Cuando Ámsterdam se extendió más allá de Singel, la torre dejó de cumplir una función defensiva. En mil seiscientos dieciséis, el burgomaestre Reinier Pauw, que vivía enfrente y buscaba un reloj público fiable para su barrio, insistió en que se remodelara. El arquitecto municipal Hendrick de Keyser rodeó la antigua base con un cuerpo de piedra e instaló una alta aguja, un reloj y campanas. La prisión se mantuvo.
En mil seiscientos cuarenta y ocho, los constructores levantaron alrededor de la torre un puente de piedra de cuarenta y dos metros de ancho. Por entonces, la palabra «sluis» también designaba un paso de piedra de este tipo; de ahí procede el nombre actual de Torensluis: el puente junto a la torre. Su inusual anchura se debió al edificio, que hubo que encajar en el pavimento del puente.
Para mil ochocientos trece, en la torre y en las dependencias adosadas a ella retenían a desertores y militares condenados. Los Países Bajos formaban entonces parte del imperio de Napoleón Bonaparte, el servicio militar obligatorio enviaba a los hombres locales a su ejército y a quienes abandonaban las filas les amenazaba un duro castigo. Los habitantes de la ciudad conocían las condiciones de la prisión: los reclusos permanecían hacinados y algunos apenas tenían ropa.
En la noche del catorce al quince de noviembre, la guarnición francesa abandonó Ámsterdam ante la aproximación de las tropas aliadas. Al día siguiente, los habitantes acudieron a la torre con una carraca con la que se convocaba a la gente. Expulsaron al carcelero, derribaron las puertas y liberaron a todos los prisioneros. Los muebles del vigilante, los libros de la prisión y los papeles fueron arrojados a la calle y quemados. Los militares liberados se marcharon, y los participantes en el asalto subieron y tocaron aquel mismo reloj que, dos siglos antes, el burgomaestre Pauw había procurado para el barrio.
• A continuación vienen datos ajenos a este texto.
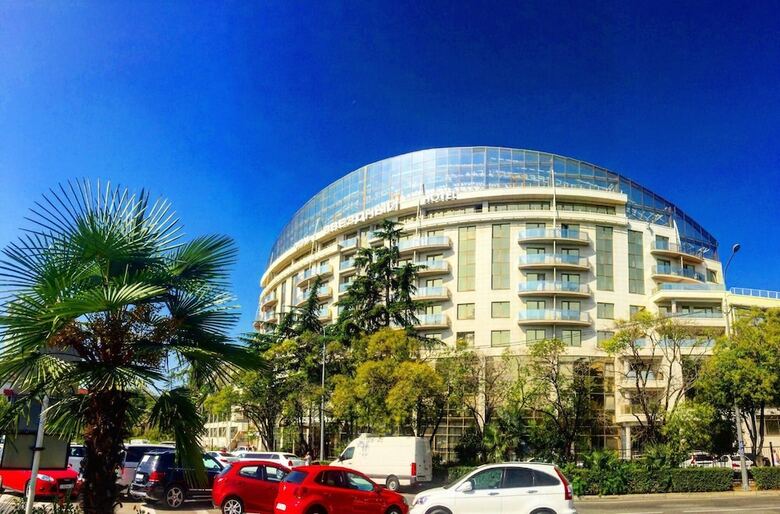 Zvyozdny Hotel Wellness & Spa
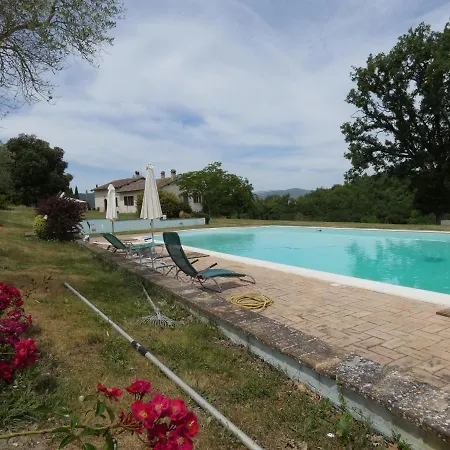 Scappo In Umbria, La Cantinetta Fiaiola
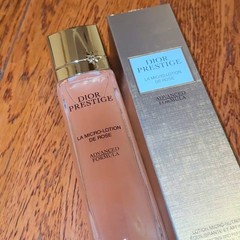 Dior Prestige La Micro-Lotion de Rose Advanced Formula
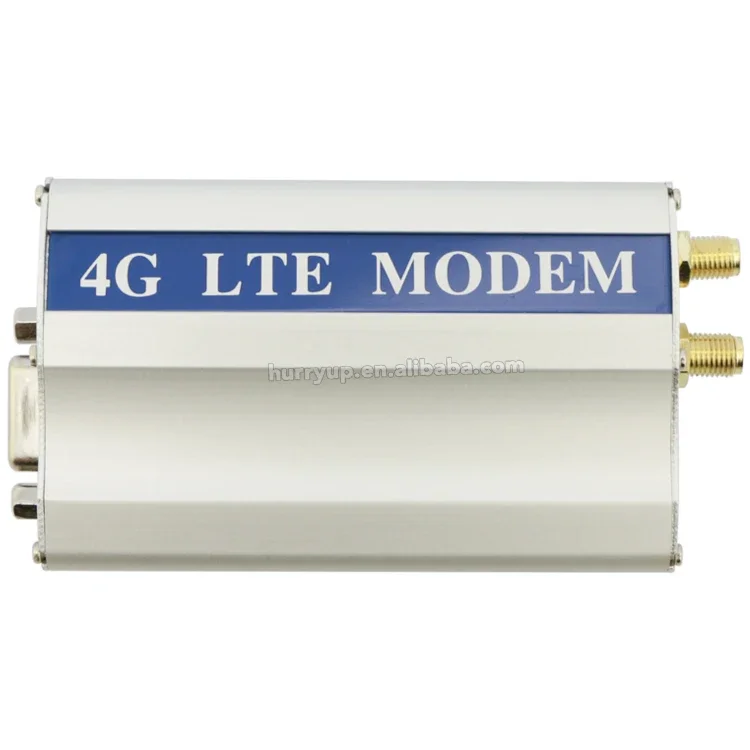 4G LTE dual sim ethernet Modem With SD Card Slot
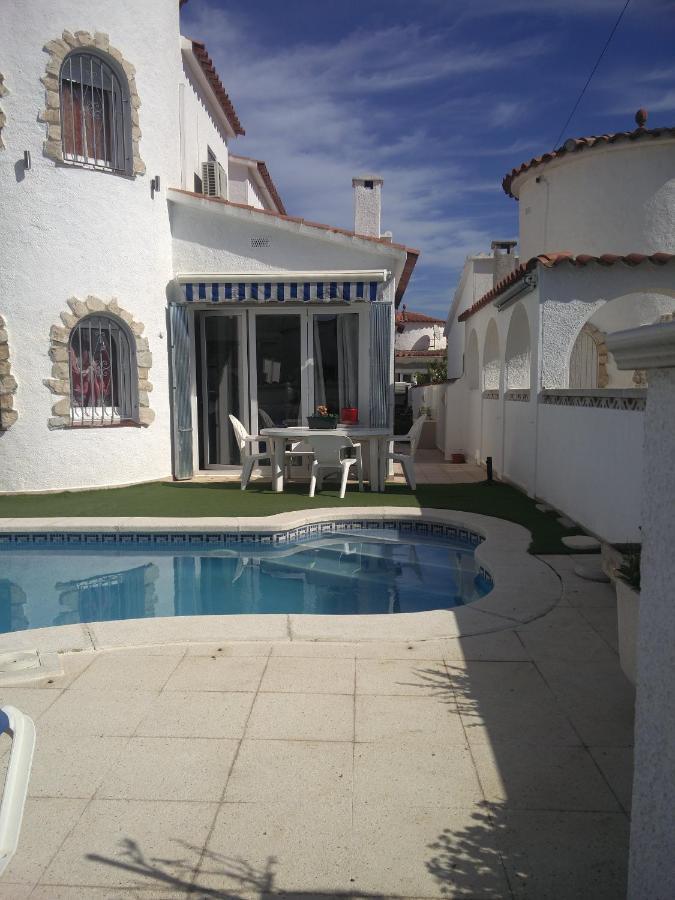 Villa Alberes 61-B Empuriarent Empuriabrava Exterior foto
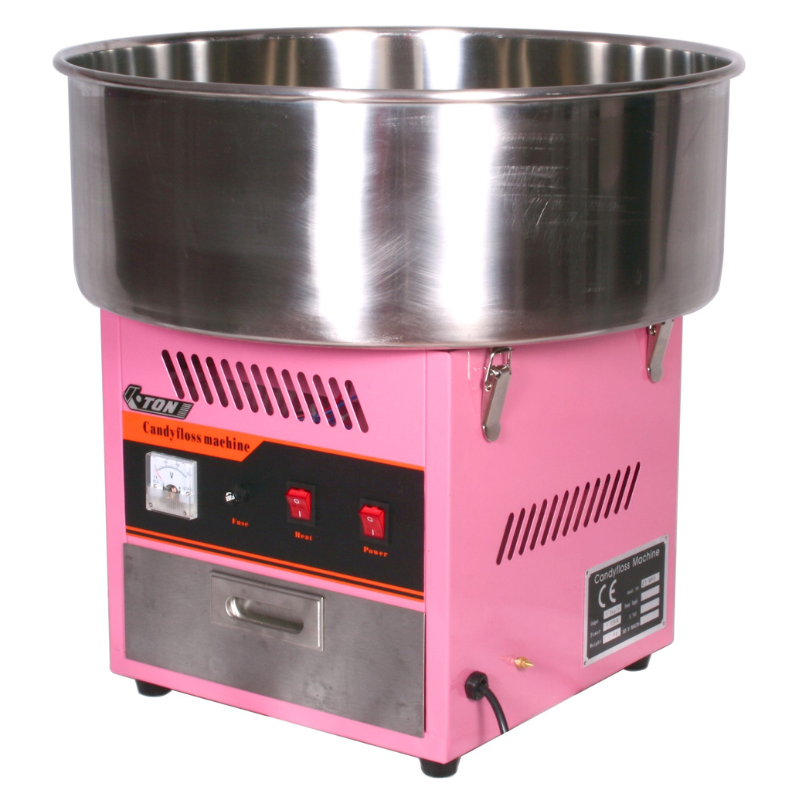 CANDY FLOSS MACHINE 520 SKU 7455.0805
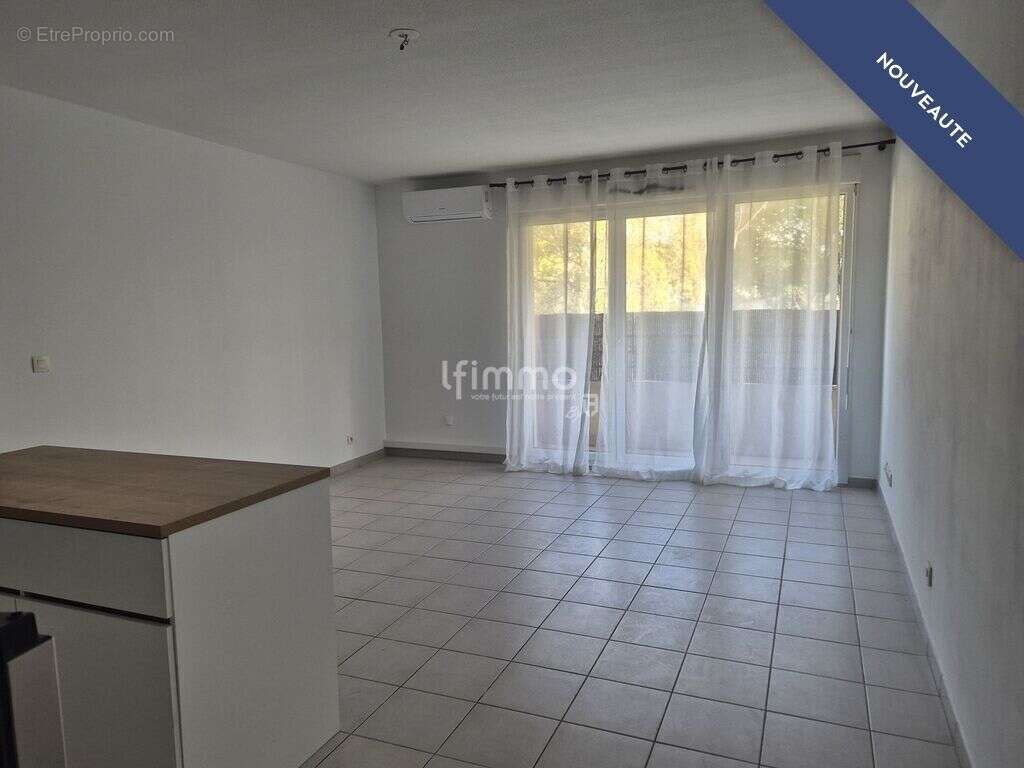 Appartement à MARSEILLE-10E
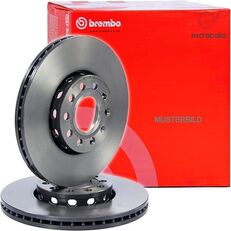 спирачен диск Brembo 09.9464.11 2 за лек автомобил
La torre permaneció en pie todavía dieciséis años después. La ciudad se negó a pagar la reparación de la aguja dañada por la podredumbre y eliminó el obstáculo para el tránsito por el puente. Antes de la demolición, el arquitecto municipal Abraham van der Hart midió la construcción para una posible reconstrucción, pero sus planos nunca pasaron de ser planos.
Bajo Torensluis se conservan dos cámaras abovedadas con rejas, parte de la antigua prisión. Sobre ellas se extiende el ancho puente, y la línea del empedrado delimita el lugar de la torre de la que sacaron a los últimos prisioneros el dieciséis de noviembre de mil ochocientos trece.
Información práctica
El puente y el muelle son espacio público, accesibles las veinticuatro horas.
Comprobado: 28 de junio de 2026. Comprueba la fuente oficial antes de visitar.En el ancho puente es fácil olvidarse de las bicicletas: escuche el relato fuera de la línea de circulación. Las rejas y la mampostería se buscan mejor cambiando de lado del canal.